Aim of the task: Output the records exactly as they appear, with no pictures included.

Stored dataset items
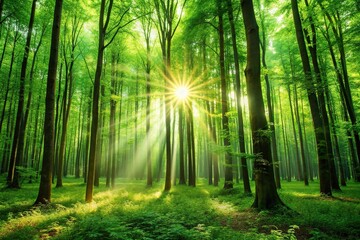 Obraz premium Lush green forest with sunlight filtering through the trees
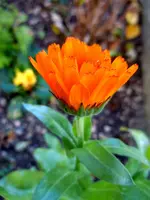 Ringelblumen197.webp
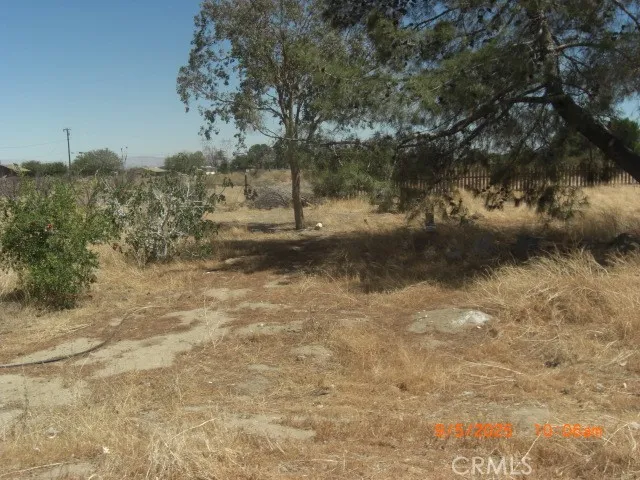 a view of a yard with trees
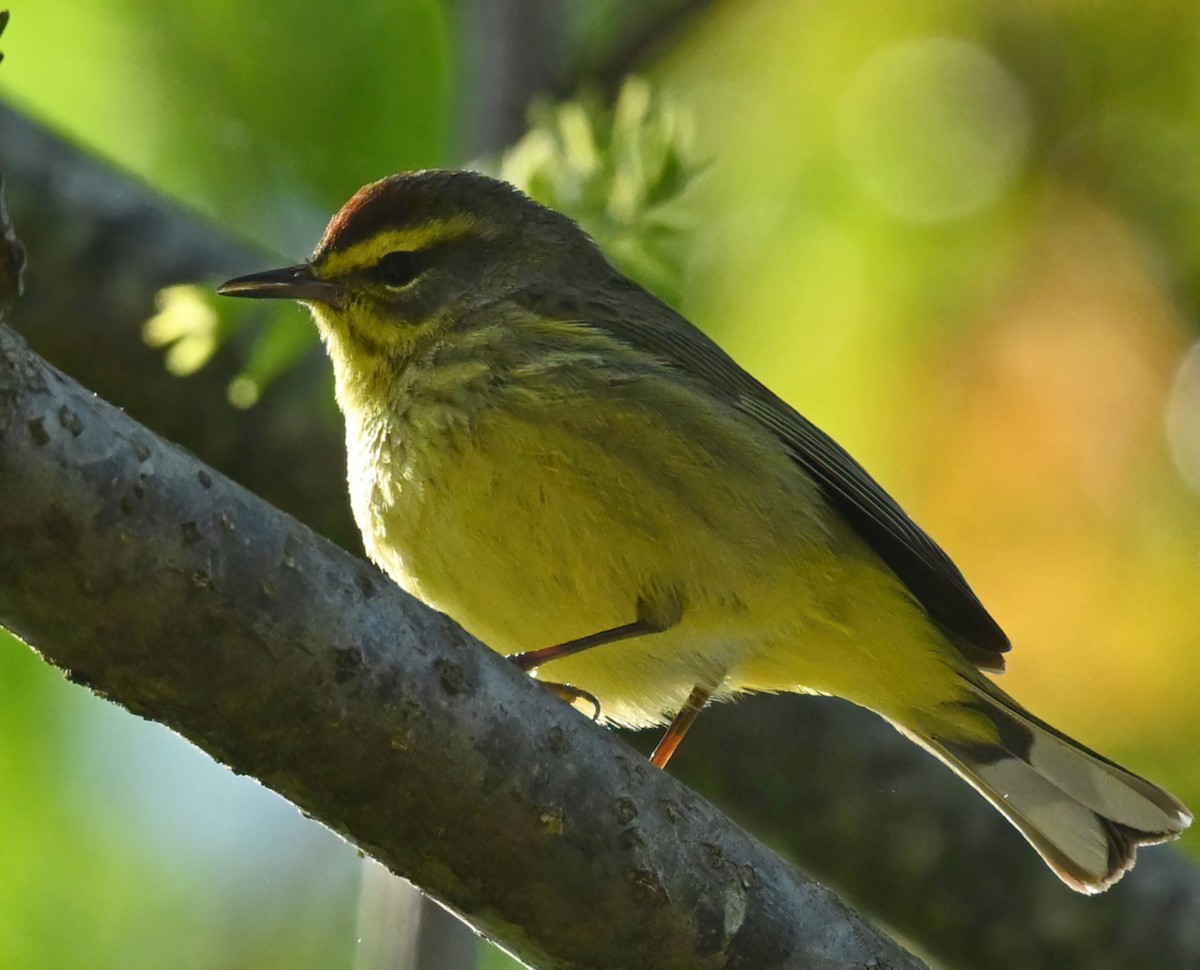 Palm Warbler - ML440969641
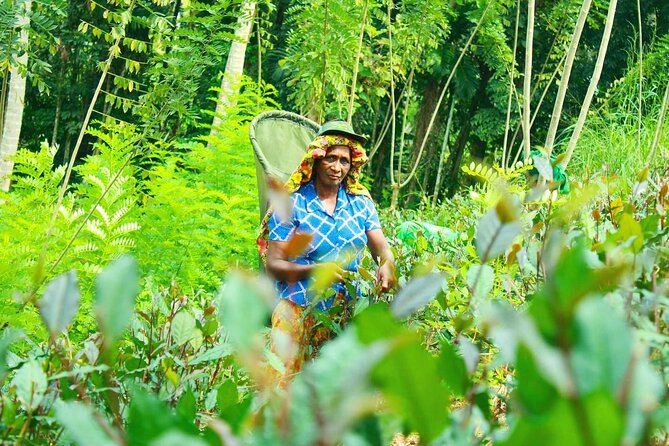 Nandana Tea Walking Tour in Sri Lanka - Who should book this tea experience?
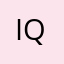 iq.313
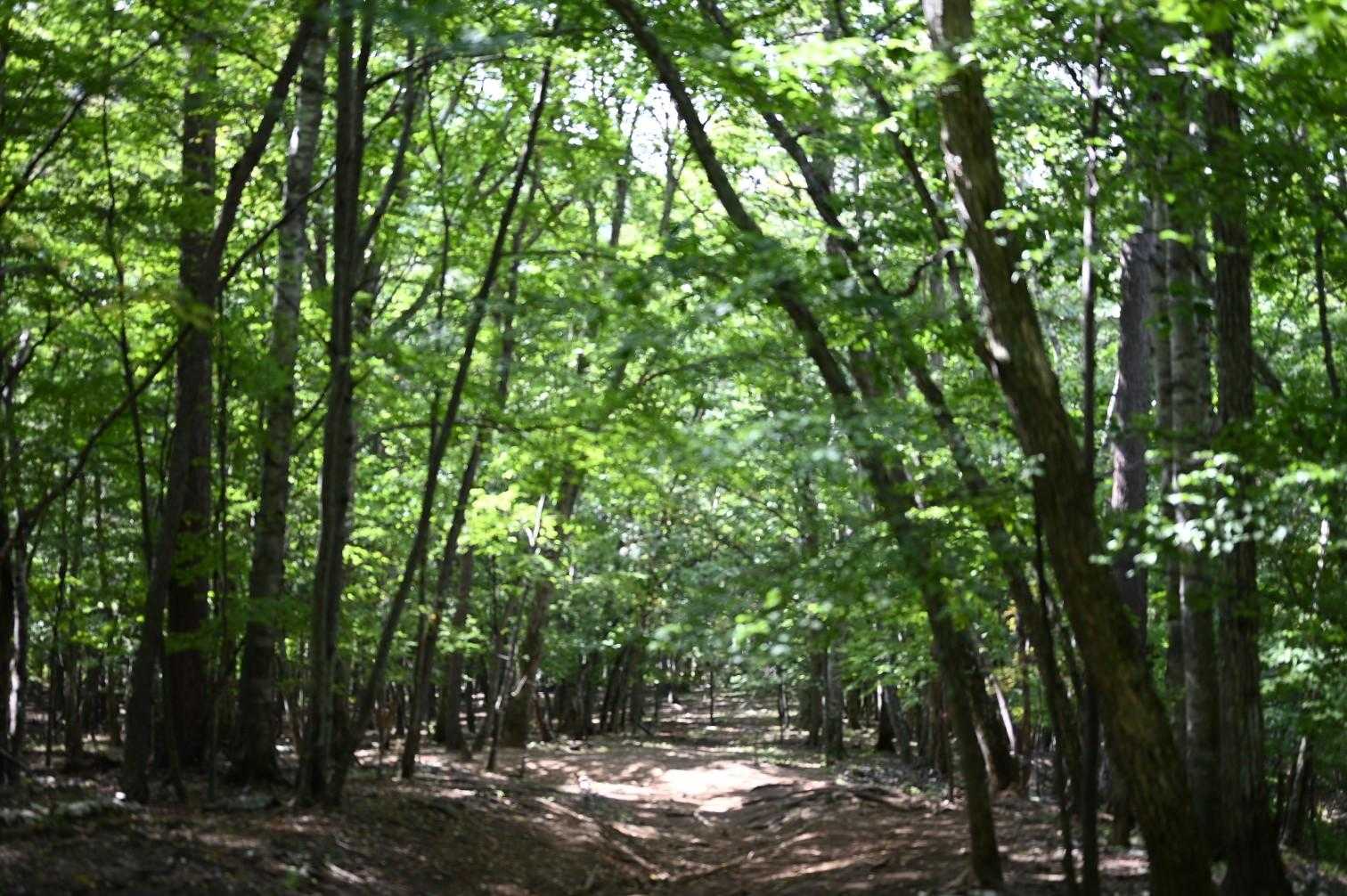 瑞牆山荘コース | 奇岩・巨岩の連続がかき立てる冒険心と、苔むした森が醸す癒しの写真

Your response:
 Obraz premium Lush green forest with sunlight filtering through the trees
 Ringelblumen197.webp
 a view of a yard with trees
 Palm Warbler - ML440969641
 Nandana Tea Walking Tour in Sri Lanka - Who should book this tea experience?
 iq.313
 瑞牆山荘コース | 奇岩・巨岩の連続がかき立てる冒険心と、苔むした森が醸す癒しの写真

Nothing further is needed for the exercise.